伊藤彩&リチャード・ゴーマン「Sea Both Sides」

左から伊藤彩《Elephant man with fisher angel》(2019) © Aya Ito Courtesy of Tomio Koyama Gallery / Koyama Art Projects、リチャード・ゴーマン《Squeeze Orange》 2018 © Richard Gorman Image courtesy of the artist and Kerlin Gallery, Dublin

 独自のモチーフやプロセスで絵画を制作する伊藤彩と、アイルランドを代表する作家のひとり、リチャード・ゴーマンによる2人展が開催される。

 伊藤は1987年和歌山県出身。絵画制作において、ジオラマづくりから始まり、自身も作品世界の中に入り込んで、写真を何枚も撮りながら視覚的効果を吟味する「フォトドローイング」と呼ぶ手法をとる。2017年に参加した六甲ミーツ・アートでは、ペインティングと、発泡スチロールに和紙を貼ってつくった巨大な野菜や手などの立体作品で構成されたインスタレーションが好評を博した。

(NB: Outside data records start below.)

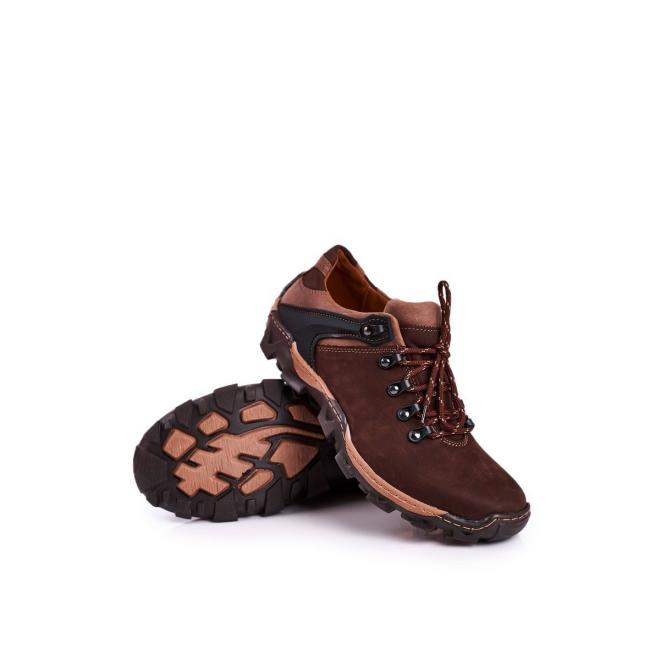 Kožené trekingové pánske topánky hnedej farby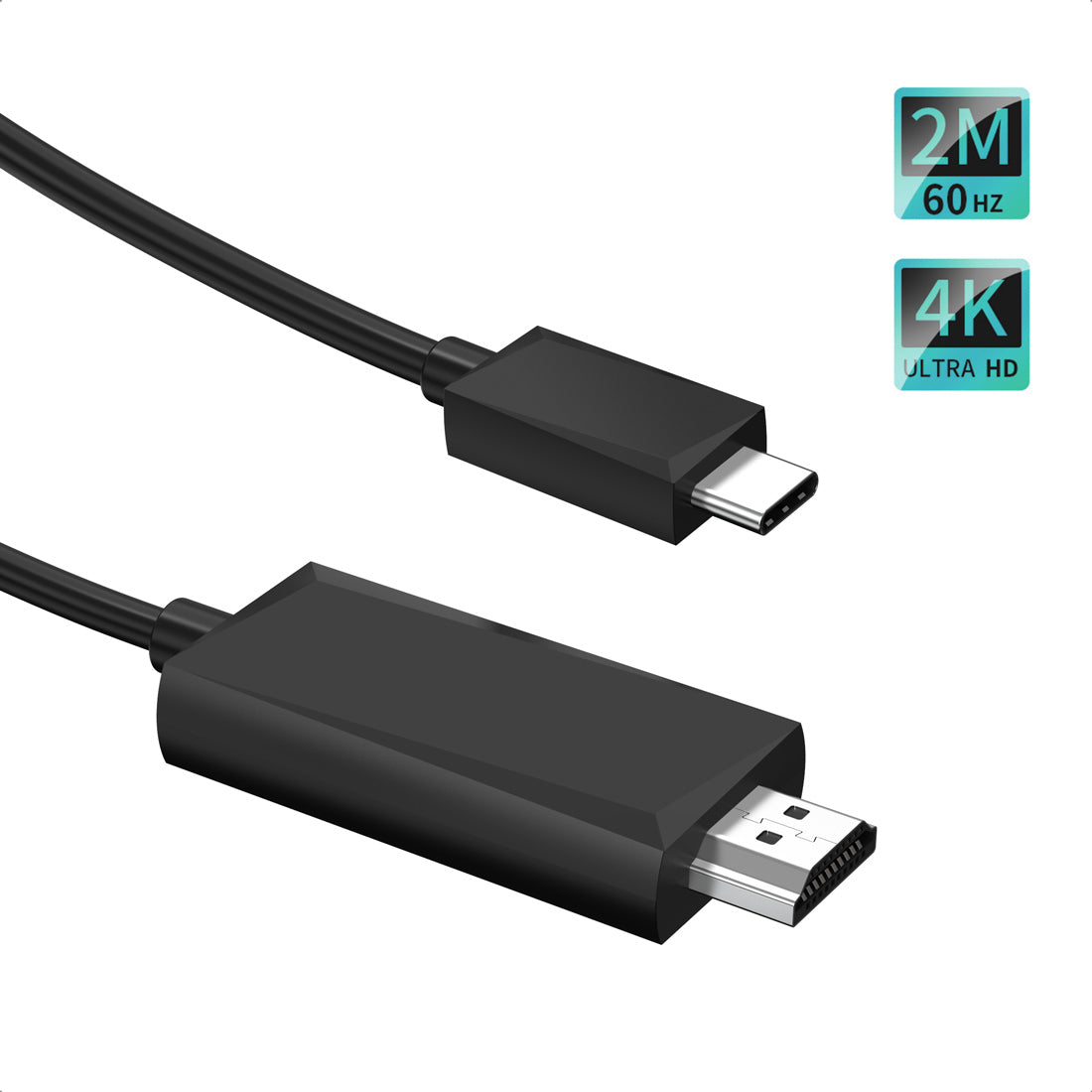 CH0020 Cable USB C a HDMI (4K a 60 Hz), cable tipo C a HDMI [compatible con Thunderbolt 3] para MacBook Pro 2019/2018/2017, MacBook Air/iPad Pro 2019/2018, Surface Book2, Galaxy S10 y más. Negro-2m/6ft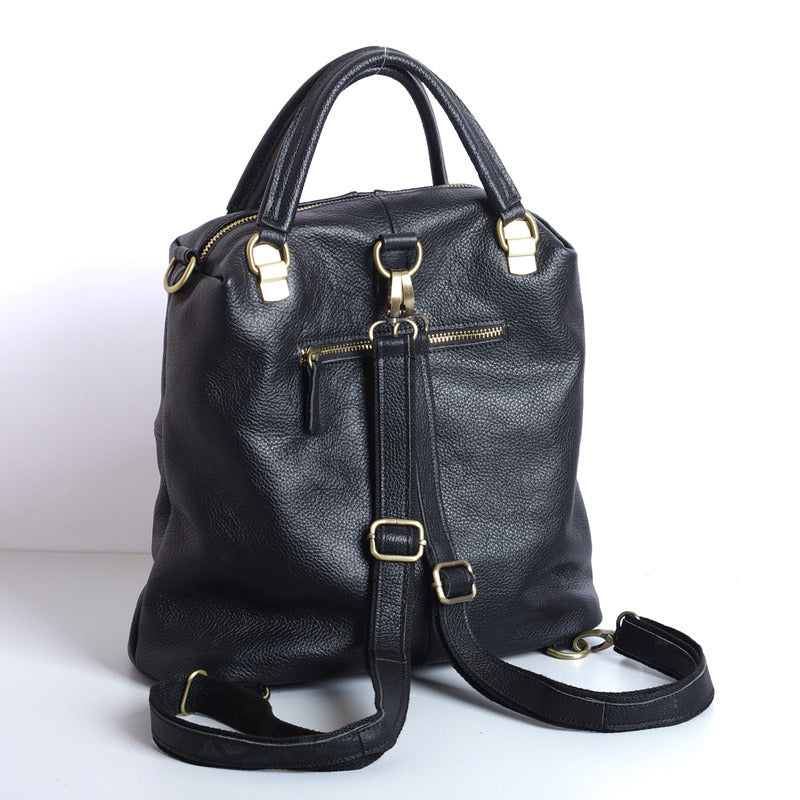 Premium Soft Top-Layer Cowhide Leather Backpack for Women | Black Versatile Large-Capacity Daypack with Multi-Use Functionality | Fashionable Commuter Bag for Work, Travel & Everyday Chic | Spacious Lightweight Rucksack with Timeless Style & Durable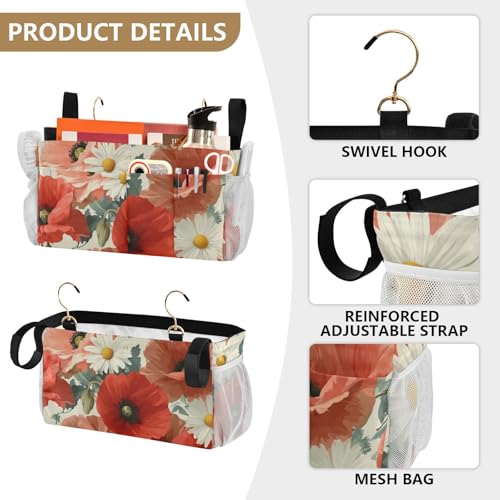 Bedside Caddy Metal Frame Hanging Organizer Bunk Bed Dorm Accessories Hook And Loop Storage Bag Large Pockets Beige Poppy Chamomile - color: Beige Poppy Chamomile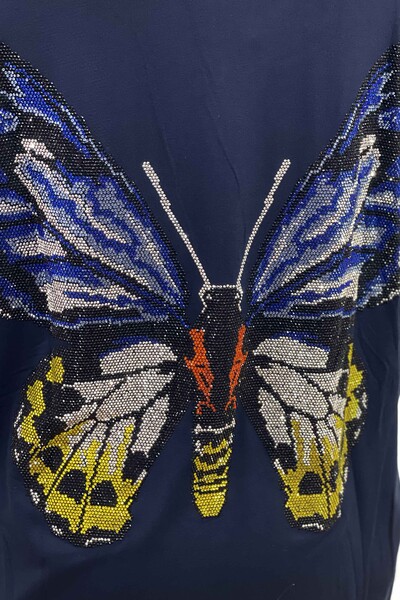 Venta al por mayor Blusa de Mujer con Estampado de Mariposas y Piedras Bordadas - 77717 | kazee - Thumbnail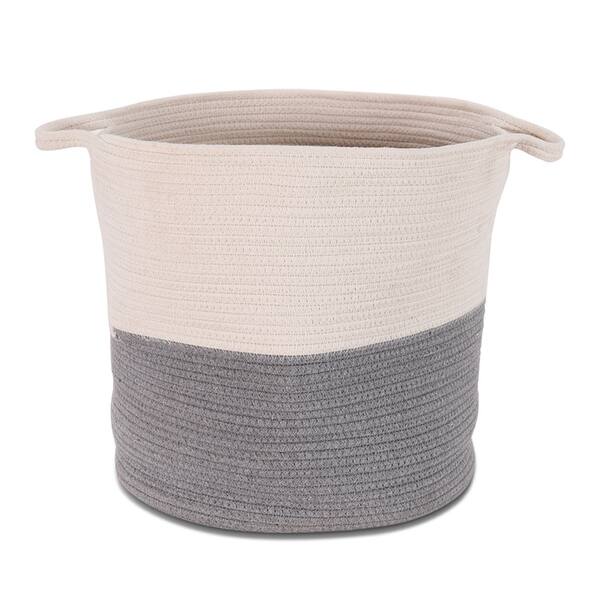 Shop Woven Rope Basket With Handles Laundry Basket Cotton Storage Basket Overstock 32040133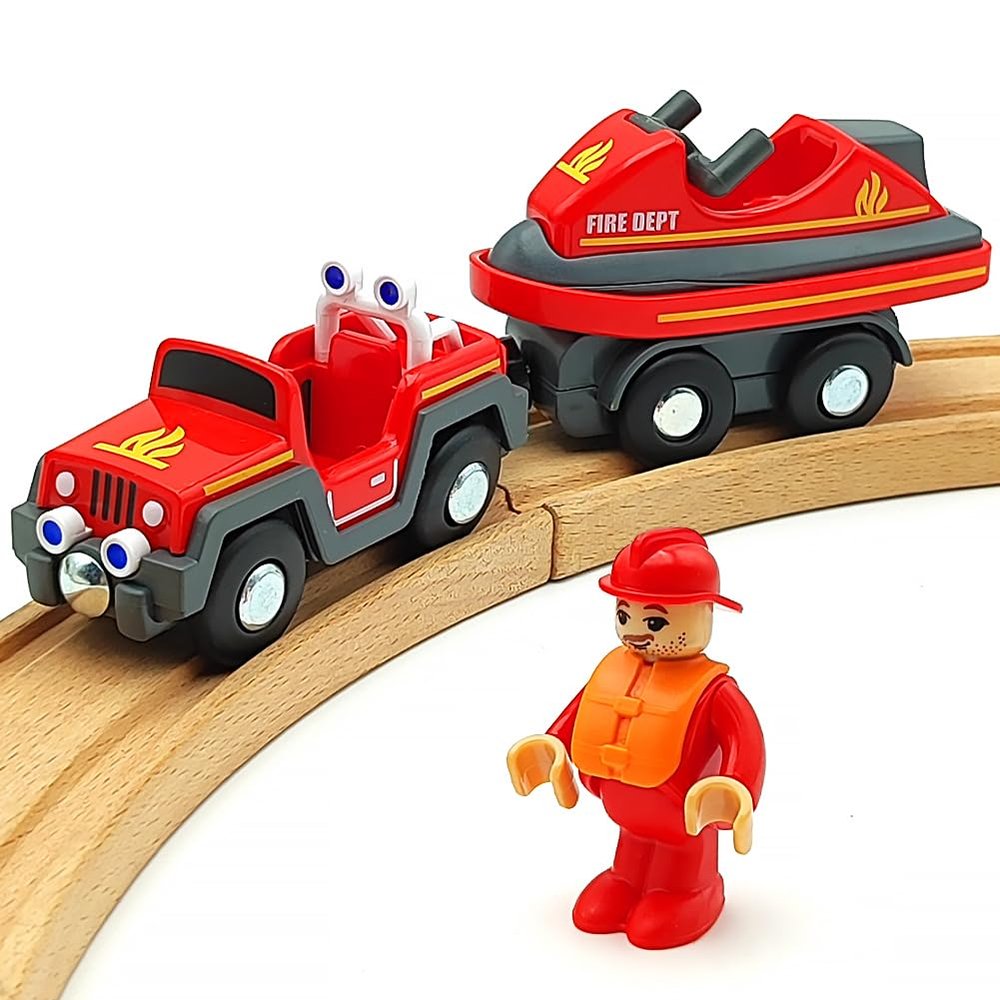 Wooden Train Cars Track Accessories Set Rescue Fire Truck with Light and Sound Small Vehicles Magnetic Train Cars Fit for Wooden Train Track Railway for Boys and Girls (Fireboat)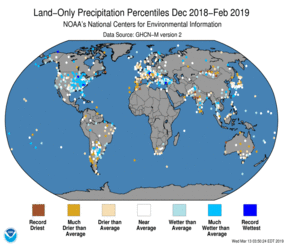 December - February 2019 Land-Only Precipitation Percentiles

 ゴーマンは1946年ダブリン出身。面と線による単純なかたちと純粋な色彩の絵画で、色やかたち、面、空間の関係性を追求する作品の数々は、欧米で高い評価を得ている。日本との関わりは古く、90年代初めに福井県今立町(現・越前市今立郡)で、岩野平三郎製紙所の越前和紙と出会ってからは、和紙を使用した作品も制作。近年では、2014年にエルメスのカレ・スカーフのデザインにアーティストとして採用され、15年には、新宿伊勢丹のエルメスのショーウィンドウデザインも担当した。

 2人がゴーマンの地元で出会ったことから始まった本企画。ゴーマンは伊藤の作品を次のように述べている。「彼女は他のアジアの若い作家の中でも、卓越した色彩感覚をもっているアーティストだ。私はとくに彼女の大きな作品を気に入っている」。

 本展では、ゴーマンの作品からインスピレーションを受けた伊藤が、その絵に答えるように構成した油彩と立体作品を制作。2人による新作を発表する。